Prompt:
Copy all data exactly. Skip pictures.

Dataset excerpt:
============

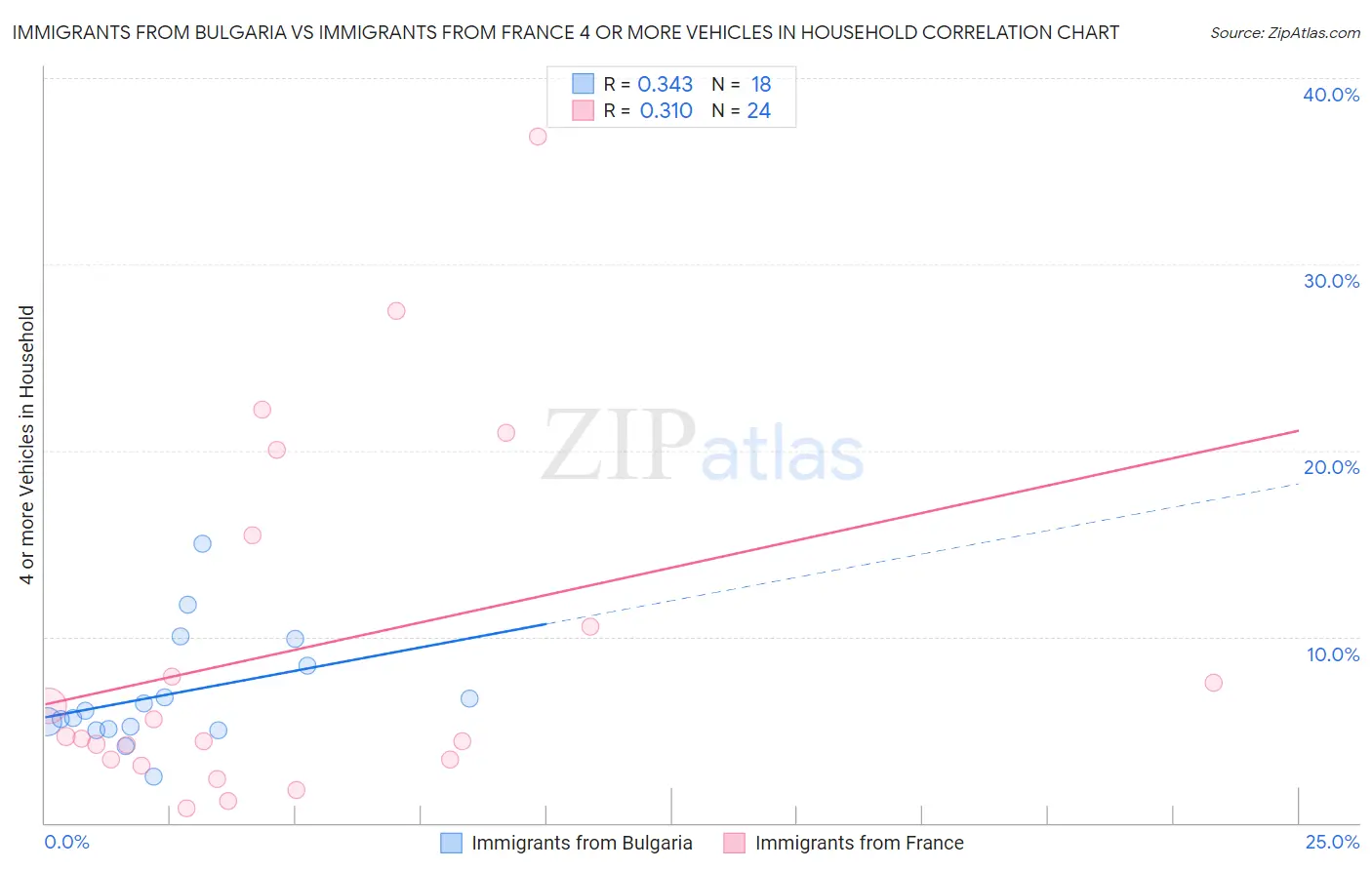 Immigrants from Bulgaria vs Immigrants from France 4 or more Vehicles in Household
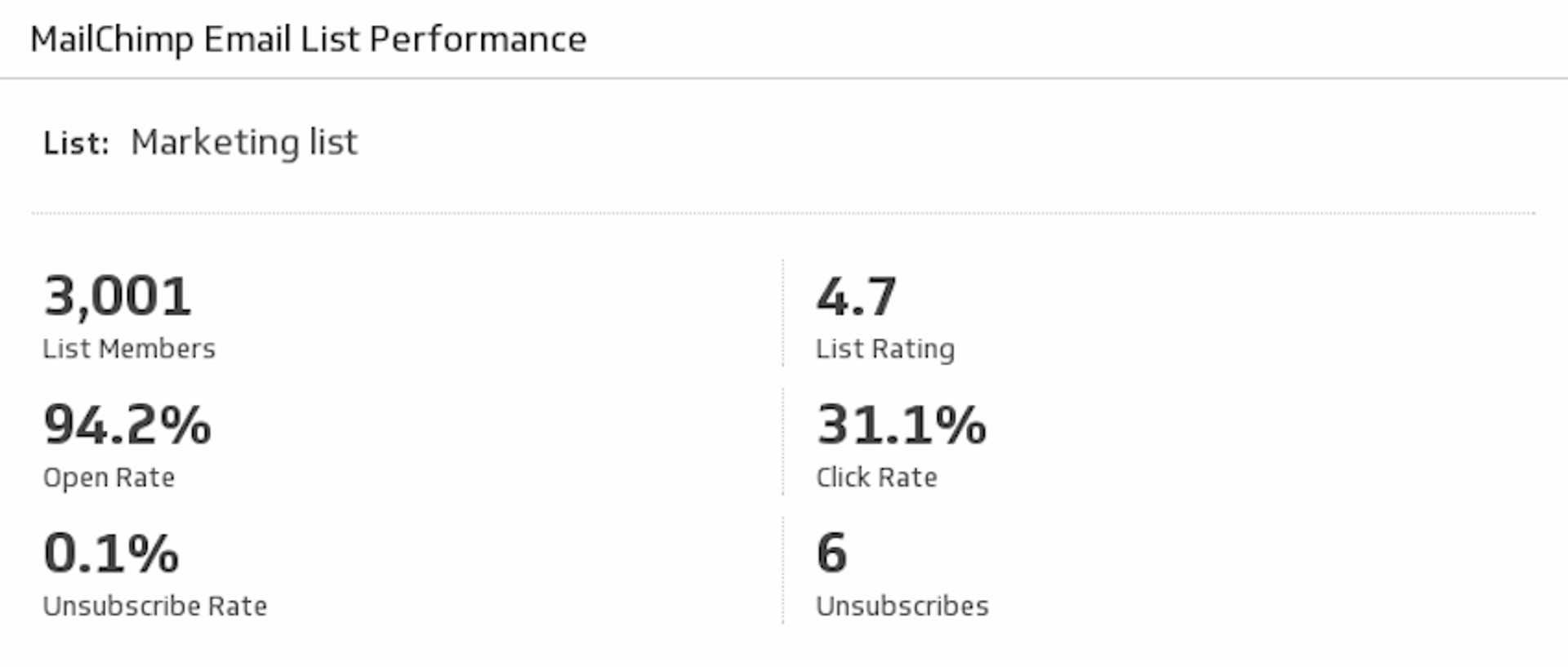 Mailchimp Email List Performance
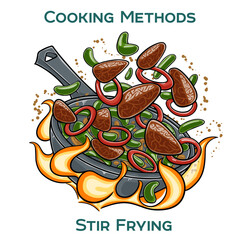 Stir frying. Cooking methods. Hand-drawn vector illustration.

============

Result:
 Immigrants from Bulgaria vs Immigrants from France 4 or more Vehicles in Household
 Mailchimp Email List Performance
 Stir frying. Cooking methods. Hand-drawn vector illustration.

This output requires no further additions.